**What you are asked to do**.
Ignoring the pictures, repeat every entry below exactly as it appears.

☆ ☆ ☆ ☆

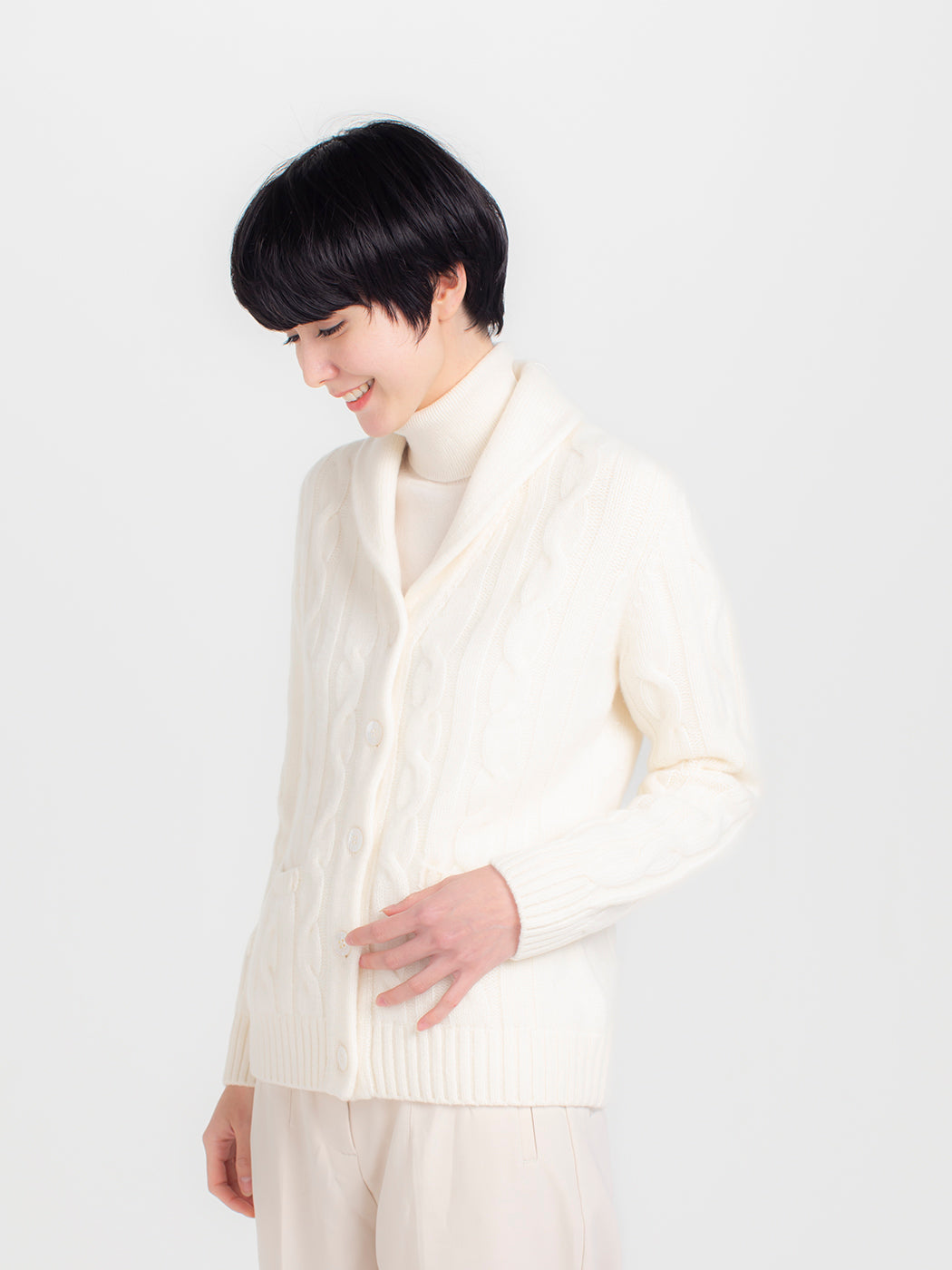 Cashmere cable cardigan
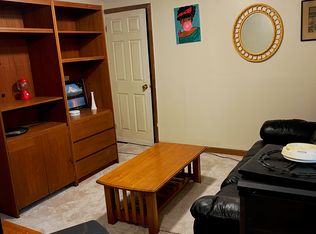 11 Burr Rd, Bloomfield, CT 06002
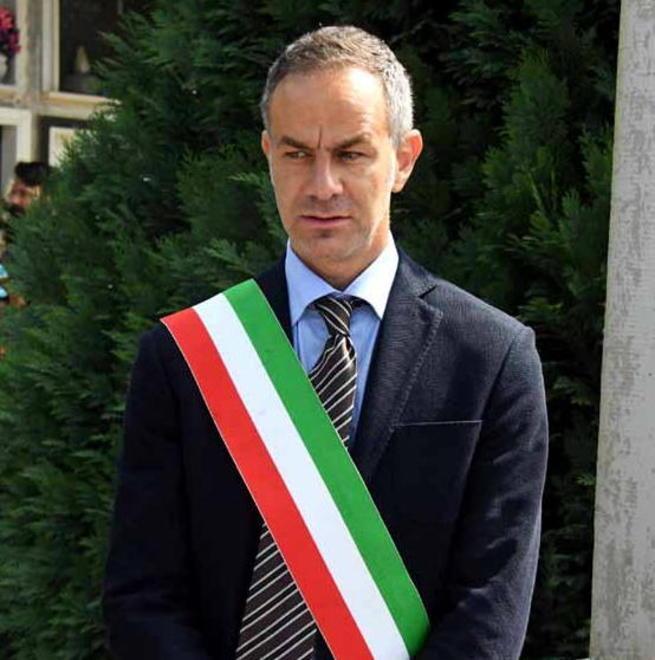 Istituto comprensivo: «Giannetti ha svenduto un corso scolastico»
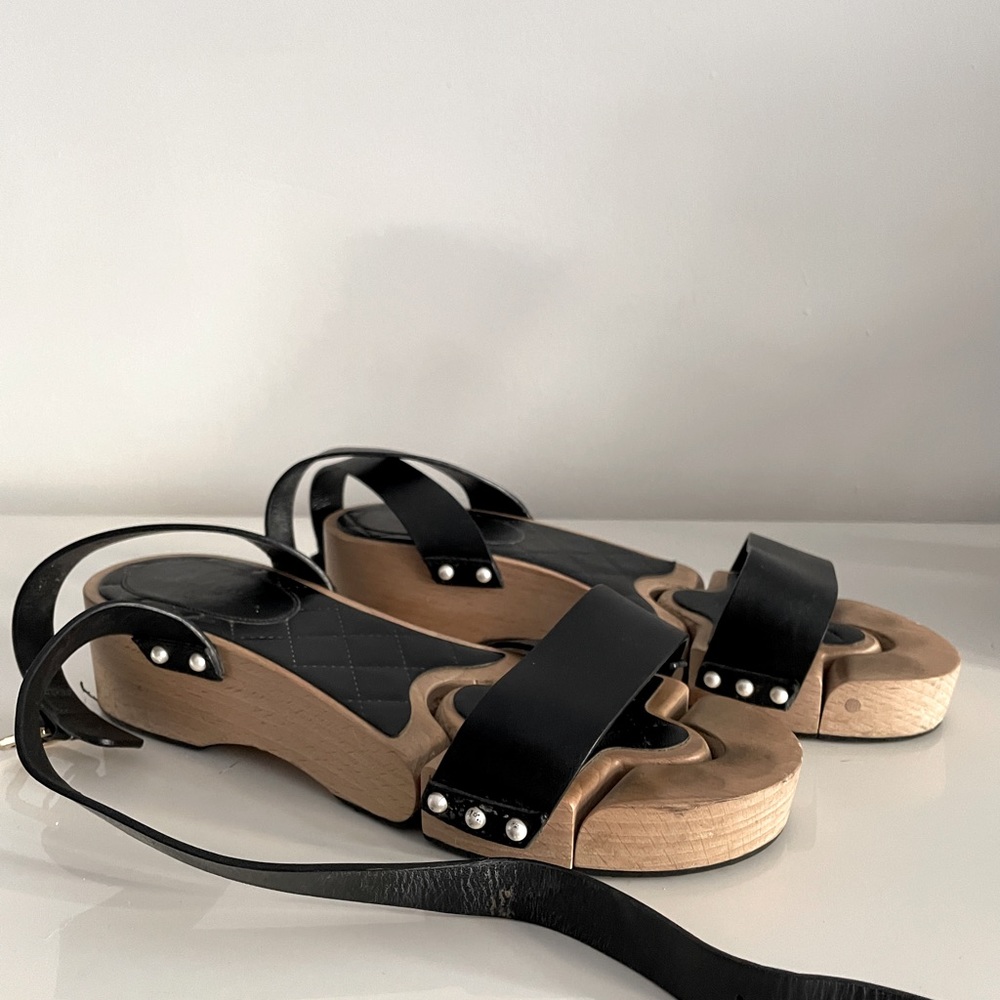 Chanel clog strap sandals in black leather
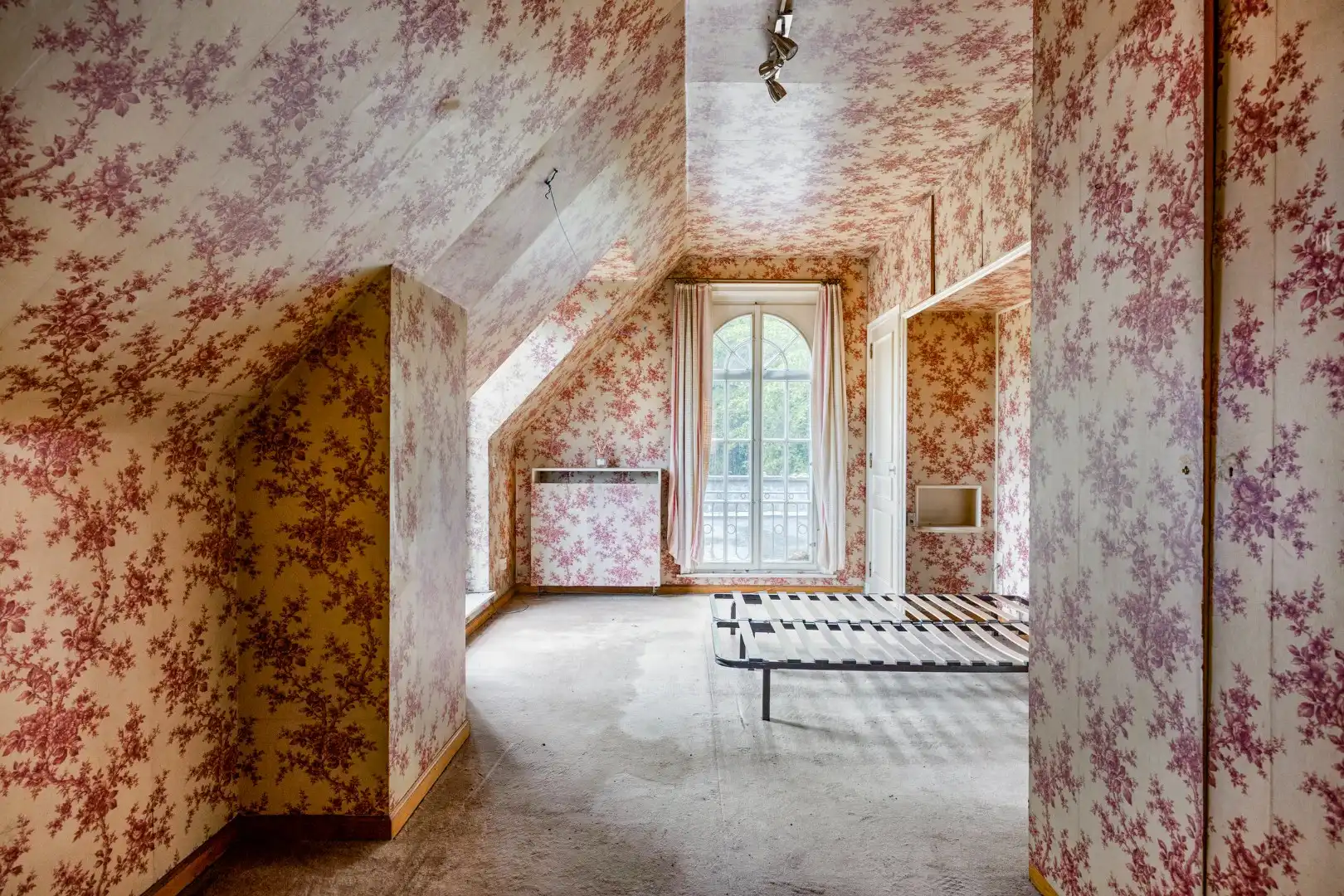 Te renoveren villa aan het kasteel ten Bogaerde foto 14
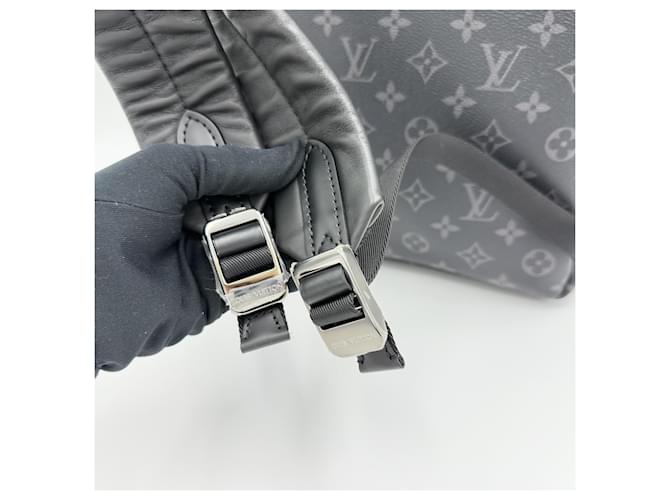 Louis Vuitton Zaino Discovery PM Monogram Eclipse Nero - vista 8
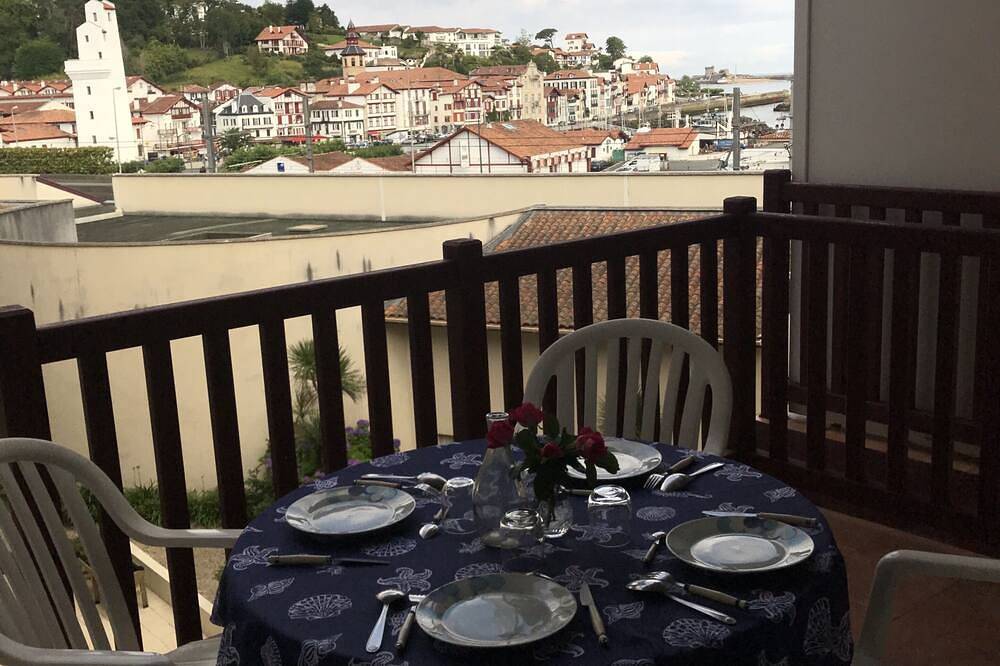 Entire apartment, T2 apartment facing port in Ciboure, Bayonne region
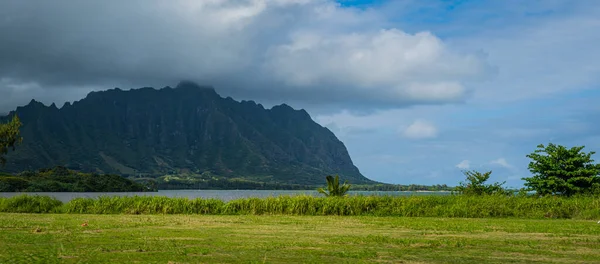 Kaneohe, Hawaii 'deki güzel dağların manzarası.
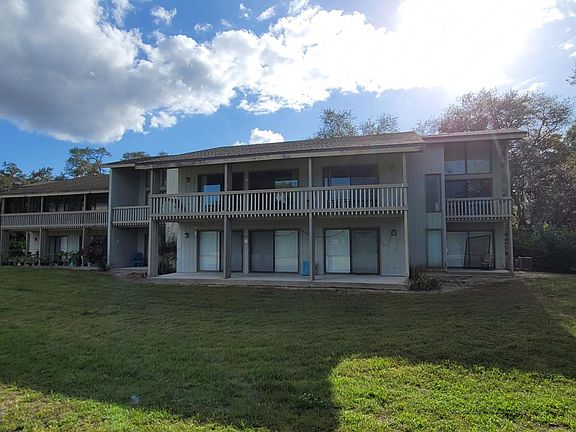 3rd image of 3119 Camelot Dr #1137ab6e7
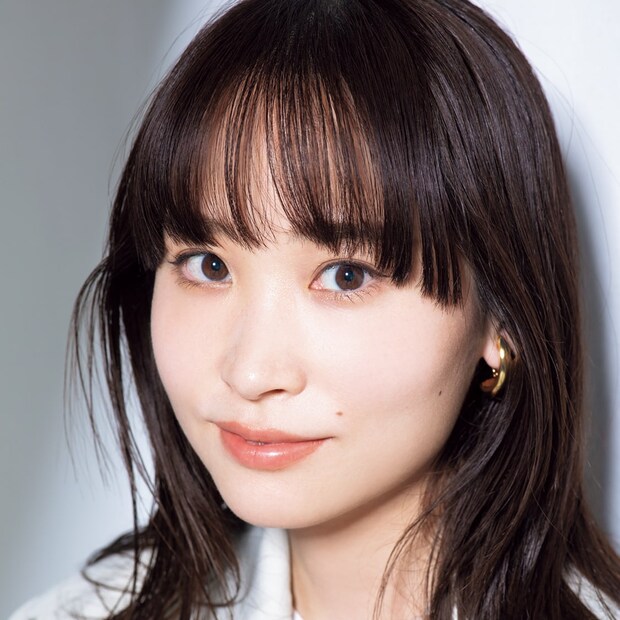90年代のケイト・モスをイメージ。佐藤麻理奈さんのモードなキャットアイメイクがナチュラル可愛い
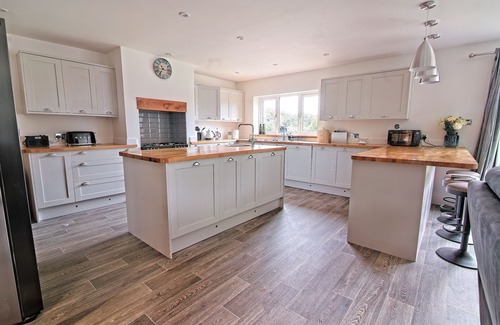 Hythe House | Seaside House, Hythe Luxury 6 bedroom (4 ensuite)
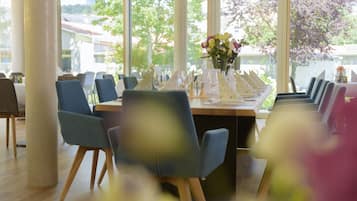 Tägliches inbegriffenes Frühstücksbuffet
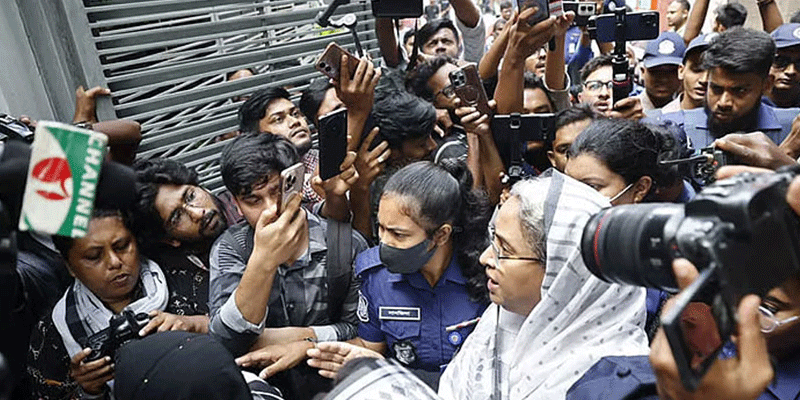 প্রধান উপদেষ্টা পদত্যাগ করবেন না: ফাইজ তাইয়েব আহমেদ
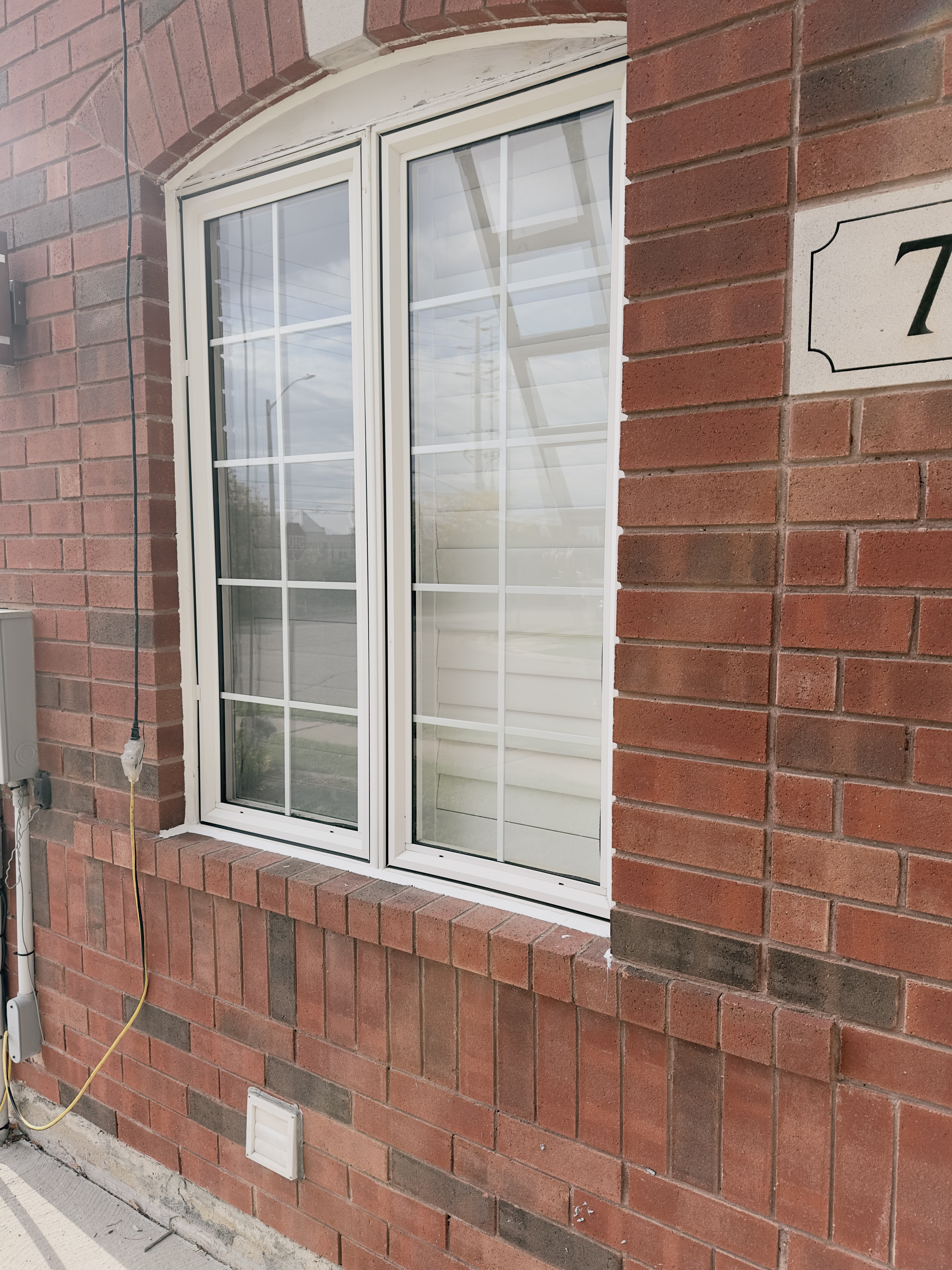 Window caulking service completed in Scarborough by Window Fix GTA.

☆ ☆ ☆ ☆

**Written solution**.
 Cashmere cable cardigan
 11 Burr Rd, Bloomfield, CT 06002
 Istituto comprensivo: «Giannetti ha svenduto un corso scolastico»
 Chanel clog strap sandals in black leather
 Te renoveren villa aan het kasteel ten Bogaerde foto 14
 Louis Vuitton Zaino Discovery PM Monogram Eclipse Nero - vista 8
 Entire apartment, T2 apartment facing port in Ciboure, Bayonne region
 Kaneohe, Hawaii 'deki güzel dağların manzarası.
 3rd image of 3119 Camelot Dr #1137ab6e7
90年代のケイト・モスをイメージ。佐藤麻理奈さんのモードなキャットアイメイクがナチュラル可愛い
 Hythe House | Seaside House, Hythe Luxury 6 bedroom (4 ensuite)
 Tägliches inbegriffenes Frühstücksbuffet
 প্রধান উপদেষ্টা পদত্যাগ করবেন না: ফাইজ তাইয়েব আহমেদ
 Window caulking service completed in Scarborough by Window Fix GTA.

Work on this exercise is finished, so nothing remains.